GIRLS IN CHAINS Edgar G. Ulmer

   The story? Well, it’s complicated, and nicely so. When Helen Martin (Arline Judge, she of the magnificent upsweep bird’s nest hairdo)) is fired from her teaching job because her sister is married to low-life criminal boss Johnny Moon (Allan Byron, who has the whole town wrapped up in his left side back pocket), a friendly police officer (Roger Clark, bland beyond belief) gets her another teaching job, this one at the local girls’ reformatory, where the warden is on Moon’s payroll, but scamming the books on him. More? Johnny Moon’s latest girl friend on the side (Robin Raymond) is about to land in the very same slammer on a shoplifting charge.

GIRLS IN CHAINS Edgar G. Ulmer

   Life behind bars is tough enough, with a handful of prison cells for the worst of the offenders, but mostly it’s the laundry room and the barest of dorm rooms for the rest. After discovering early on what she’s up against, Helen is persuaded to work undercover to get the goods on the warden and Johnny Moon, and I suppose that this is all you need to know about the plot.

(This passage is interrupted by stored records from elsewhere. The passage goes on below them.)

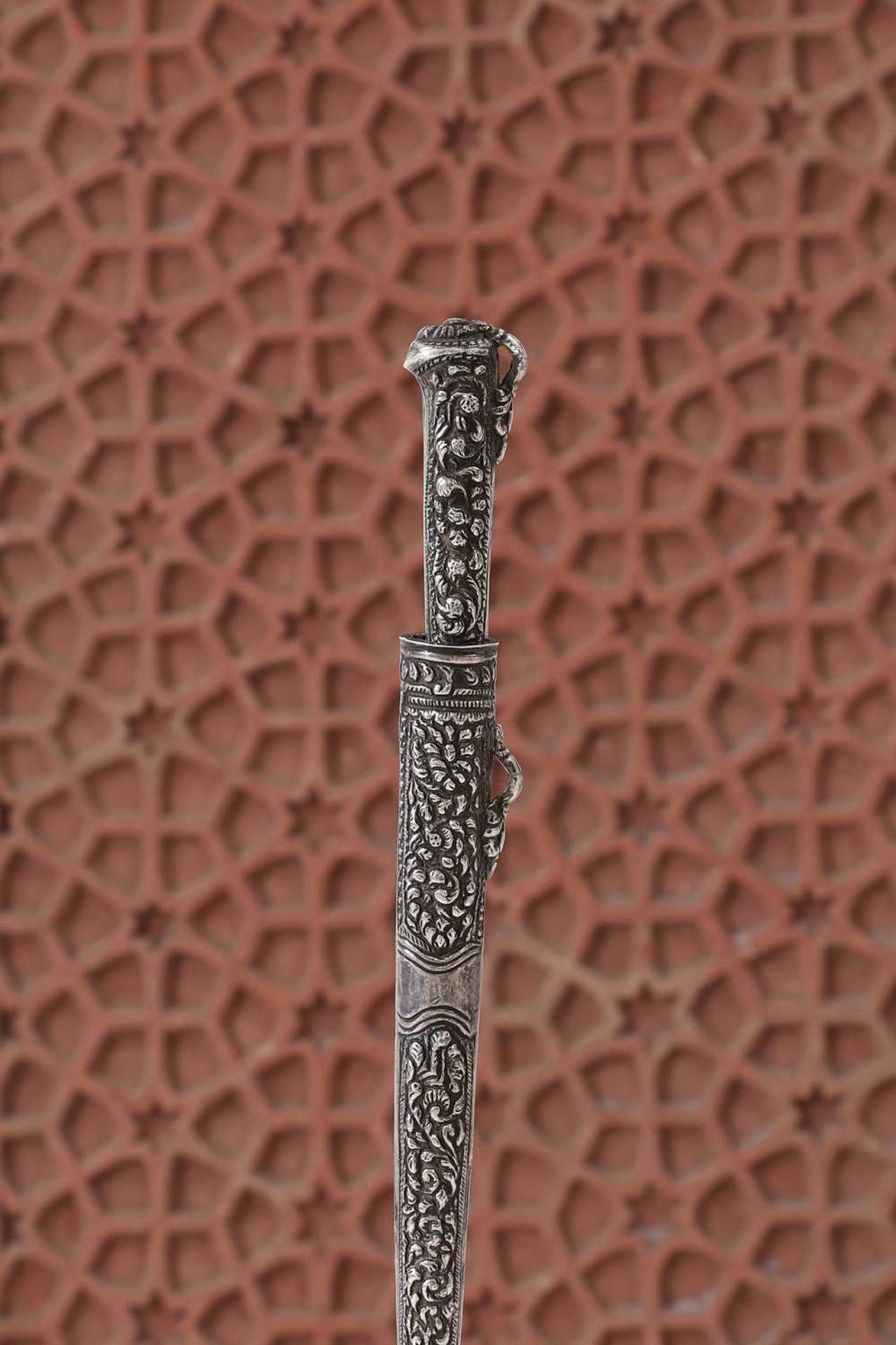 An Ottoman silver-mounted kard, - Bild 3 aus 12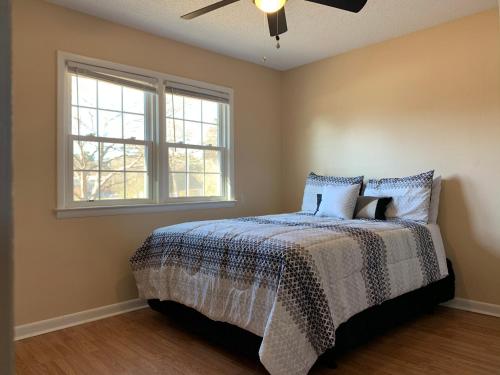 Dream Away Stay 5mins from Ft Bragg in Fayetteville, USA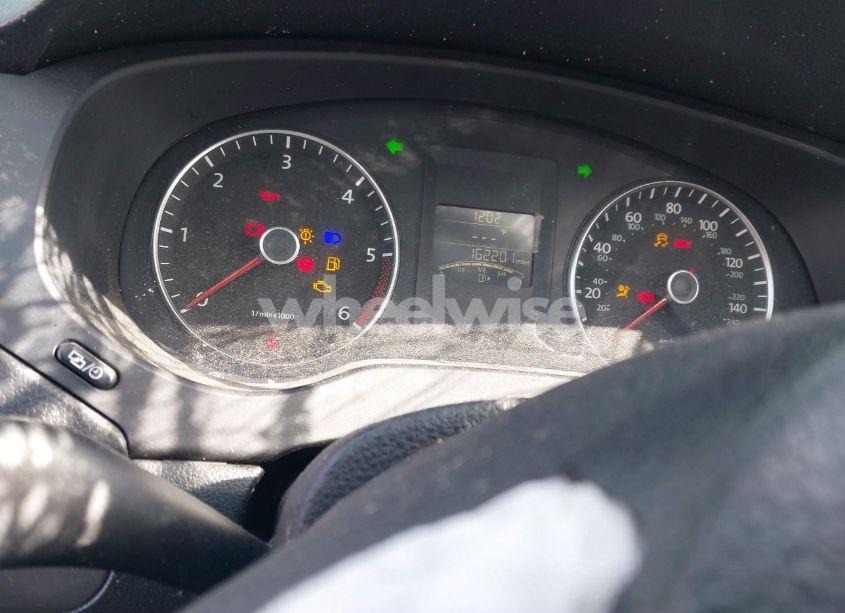 Photo 7 of 2013 Volkswagen Jetta 2.0L TDI (VIN 3VWLL7AJ9DM355754)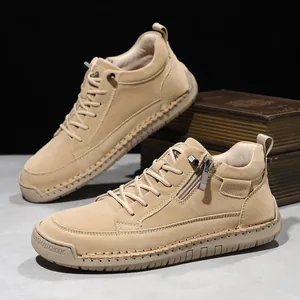 Detailansicht khakifarbener halbhoher Martin Boots mit Reißverschluss und Gummisohle.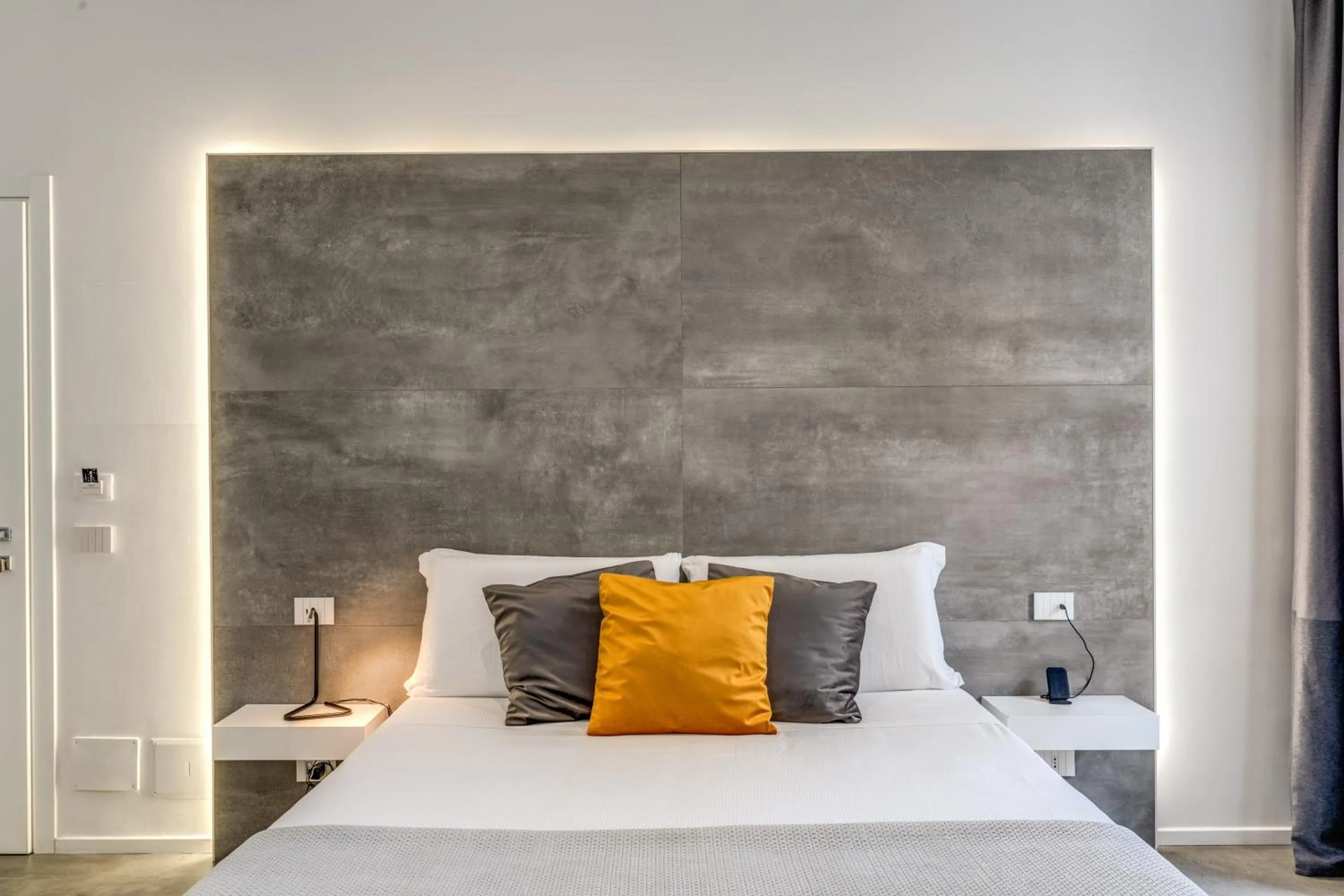 Bed in Gallery Suite Naples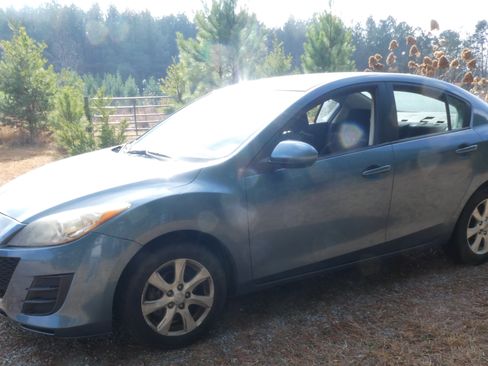 Used 2010 MAZDA MAZDA3 i Touring image 2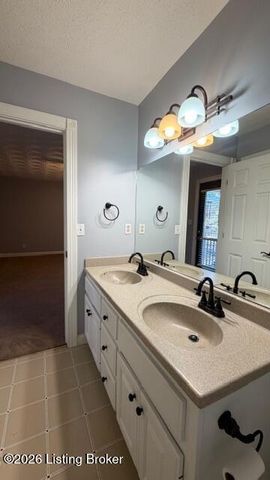 111 N Salem Dr, Bardstown, KY 40004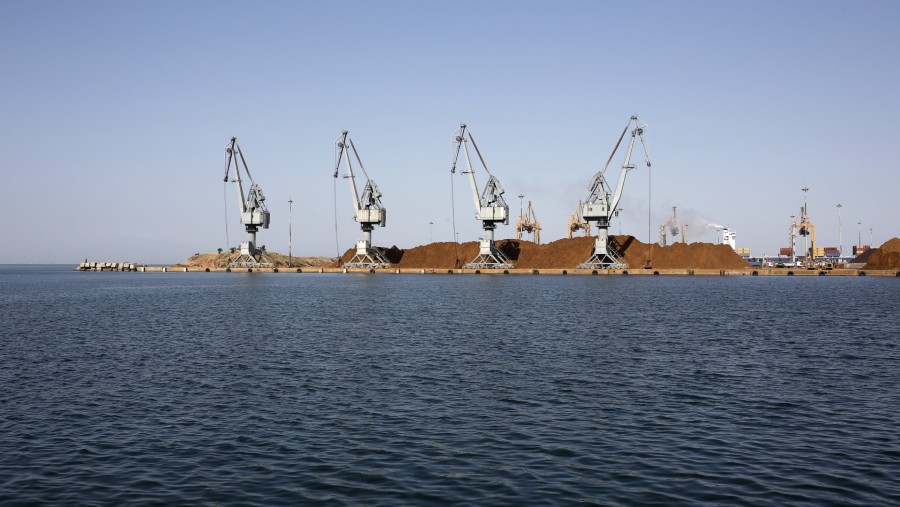 Derek pengangkut barang berdiri di samping pasokan bijih nikel mentah di dermaga pelabuhan Thessaloniki./Bloomberg-Konstantinos Tsakalidis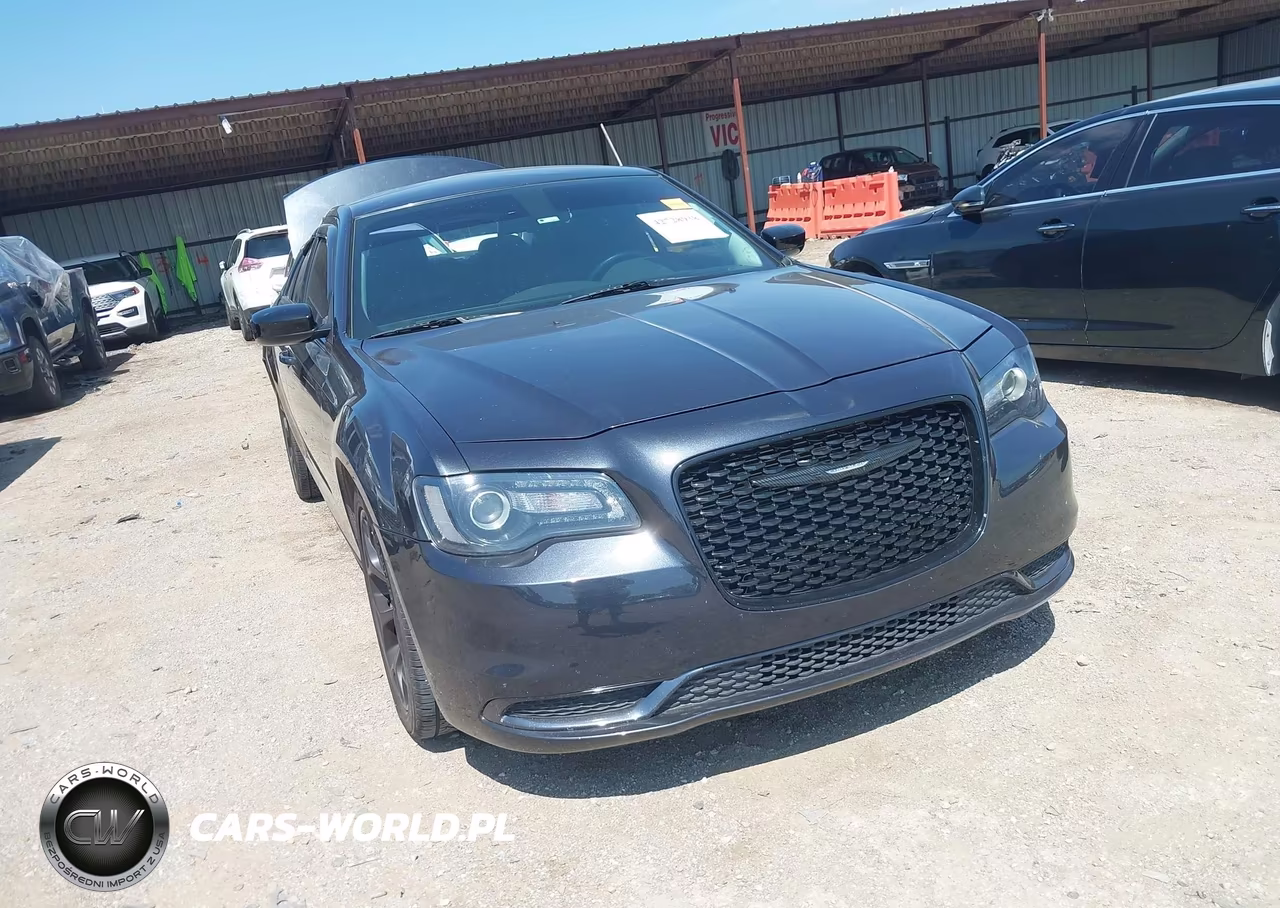 2019 Chrysler 300 Touring – zdjęcie 1 z 17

   Overall, Girls in Chains is a strange mixture of funny moments with, let us say, strange takes on courtroom scenes plus puzzling mobster mistakes, with at least one tense situation for the undercover Helen Martin going absolutely nowhere.

REVIEWED BY GEOFF BRADLEY:         


LAW & ORDER: UK. ITV. Series Three: 09 September through 21 October 2010. Bradley Walsh, Jamie Bamber, Harriet Walter, Ben Daniels, Freema Agyeman, Bill Paterson.

LAW & ORDER UK Series Three

   Another seven episodes (making a total so far of 20) of original Law & Order stories adapted to a London setting.

   Somehow it doesn’t quite work, partly, perhaps, because the stories were designed to operate in a slightly different culture. Maybe it would have been better to commission new stories and fit them within a more recognisable British setting.

   An exception might have been “Masquerade,” based on the US episode “Good Girl,” which seemed, to me at least, to be rather stronger than the others. I’m not convinced, however, that prosecutors in England would investigate in the way they do here.

Of course when I’m watching the original I have no idea how the legal system works in New York (except from watching similar programmes — although as I’ve said before the difference in procedures between L&O, NYPD Blue and CSI:NY leaves this viewer rather confused) and accept it all without a quibble.